# The task
Give a faithful, exact copy of all entries, minus the images.

# Data for review
Content starts
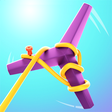 Icon of program: Bend a Rope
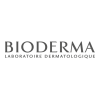 Bioderma 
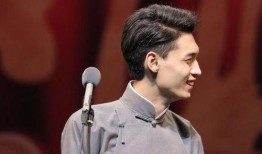 秦霄贤最新娱乐圈爆料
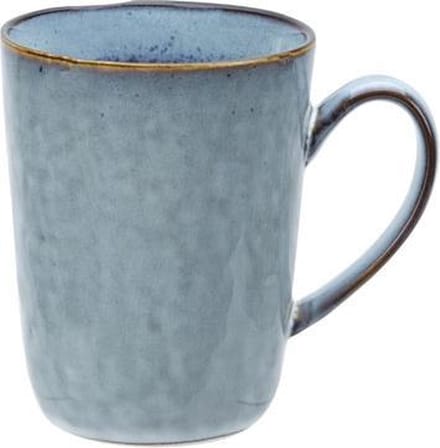 Cosy & Trendy Pollux Beker D8.8xh11.4cm 39cl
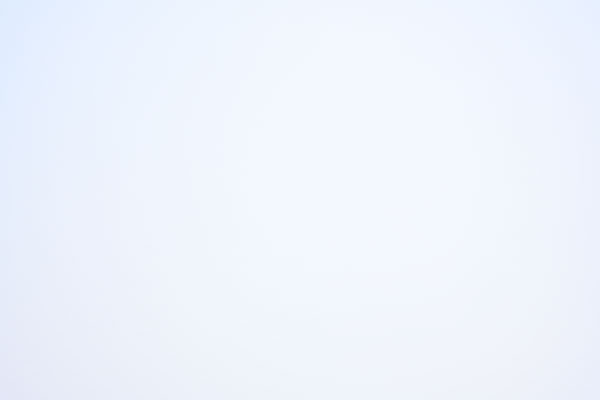 Nikon Z 14-30mm f/4 S Nikkor Review: Field Test -- Gallery Image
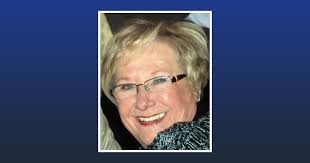 Barbara June Caruthers Obituary October 13, 2023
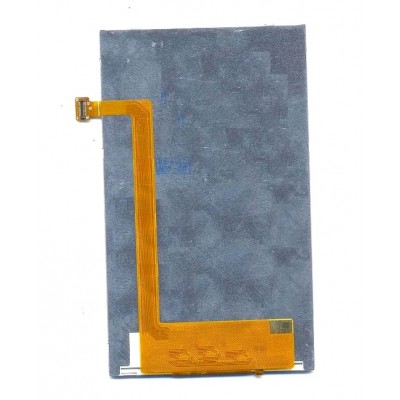 Lcd Screen For Lemon P103 Replacement Display By - Maxbhi Com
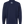 Independent Trading Perform Quarter Zip (EXP20PQ)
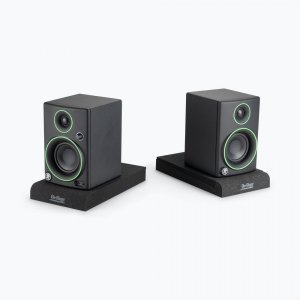 Foam Speaker Platforms (Small)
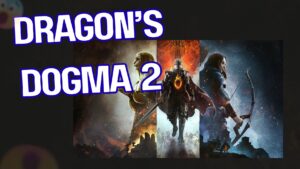Dragon’s Dogma 2 - kakekslot.org
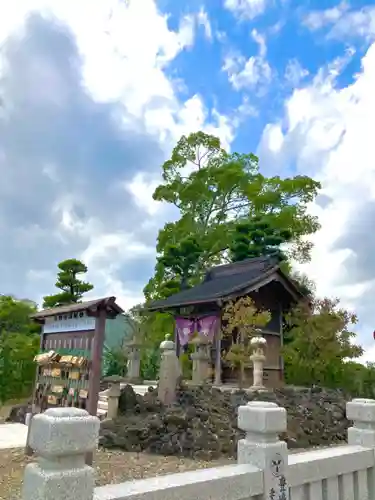 成田山新勝寺(千葉県)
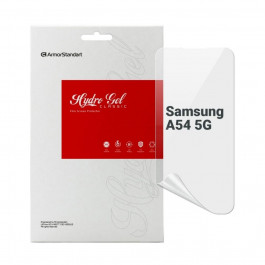   ArmorStandart Плівка захисна  Samsung A54 5G (A546) (ARM66220)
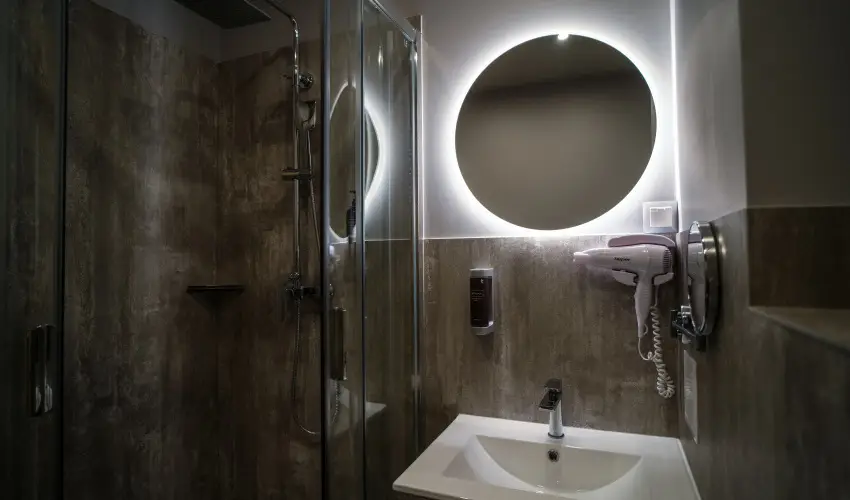 Hotel Civitas Sopron - Oktber 23. (min. 2 j)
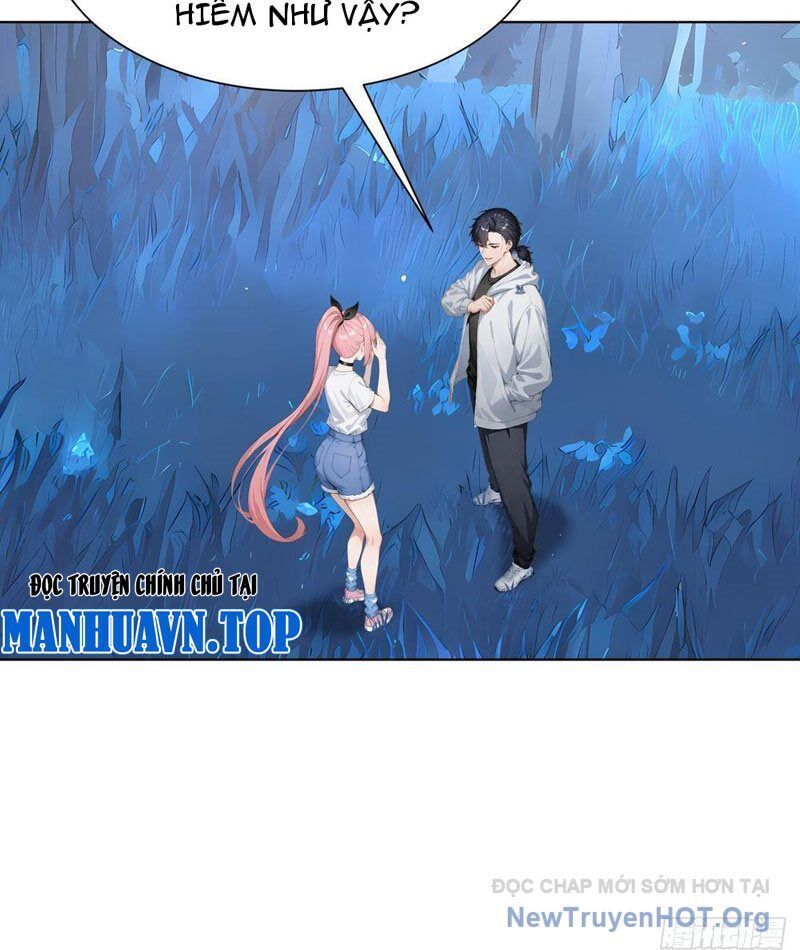 Thái Cổ Thập Hung: Người Khác Ngự Thú Ta Ngự Thú Nương - Chapter 15 - Page 54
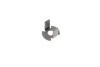 Тормозные колодки передние дисковые BOSCH 0 986 424 455 (фото 16)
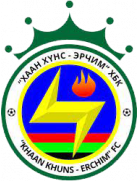 Tim Tamu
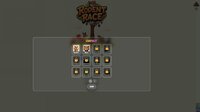 rodent race screenshot, image №4143734 - RAWG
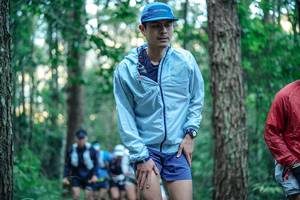 BIB: 
                            <button type="button" onclick="openModal(26560828)" class="btn btn-primary btn-sm float-right btn-popup" data-toggle="modal" data-target=".modal-high-quality">
                        <i class="fas fa-shopping-cart"></i> Add to Cart
                    </button>
                                            <button type="button" onclick="isThisMe(26560828, true)" class="btn btn-success btn-sm float-right btn-popup btn-isme hidden" data-toggle="tooltip" data-placement="bottom" title="นี่คือรูปของคุณใช่ไหม คลิกที่นี่เพื่อเอาเข้าอัลบั้ม">
                        <i class="fas fa-plus"></i> Add to album
                    </button>
                    <button type="button" onclick="isThisMe(26560828, false)" class="btn btn-warning btn-sm float-right btn-popup btn-isnotme hidden">
                        <i class="fas fa-ban"></i> Remove from album
                    </button>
Content ends
# Final answer
 Icon of program: Bend a Rope
 Bioderma 
 秦霄贤最新娱乐圈爆料
 Cosy & Trendy Pollux Beker D8.8xh11.4cm 39cl
 Nikon Z 14-30mm f/4 S Nikkor Review: Field Test -- Gallery Image
 Barbara June Caruthers Obituary October 13, 2023
 Lcd Screen For Lemon P103 Replacement Display By - Maxbhi Com
 Independent Trading Perform Quarter Zip (EXP20PQ)
 Foam Speaker Platforms (Small)
Dragon’s Dogma 2 - kakekslot.org
 成田山新勝寺(千葉県)
   ArmorStandart Плівка захисна  Samsung A54 5G (A546) (ARM66220)
 Hotel Civitas Sopron - Oktber 23. (min. 2 j)
 Thái Cổ Thập Hung: Người Khác Ngự Thú Ta Ngự Thú Nương - Chapter 15 - Page 54
 Тормозные колодки передние дисковые BOSCH 0 986 424 455 (фото 16)
 Tim Tamu
 rodent race screenshot, image №4143734 - RAWG
 BIB: 
                            <button type="button" onclick="openModal(26560828)" class="btn btn-primary btn-sm float-right btn-popup" data-toggle="modal" data-target=".modal-high-quality">
                        <i class="fas fa-shopping-cart"></i> Add to Cart
                    </button>
                                            <button type="button" onclick="isThisMe(26560828, true)" class="btn btn-success btn-sm float-right btn-popup btn-isme hidden" data-toggle="tooltip" data-placement="bottom" title="นี่คือรูปของคุณใช่ไหม คลิกที่นี่เพื่อเอาเข้าอัลบั้ม">
                        <i class="fas fa-plus"></i> Add to album
                    </button>
                    <button type="button" onclick="isThisMe(26560828, false)" class="btn btn-warning btn-sm float-right btn-popup btn-isnotme hidden">
                        <i class="fas fa-ban"></i> Remove from album
                    </button>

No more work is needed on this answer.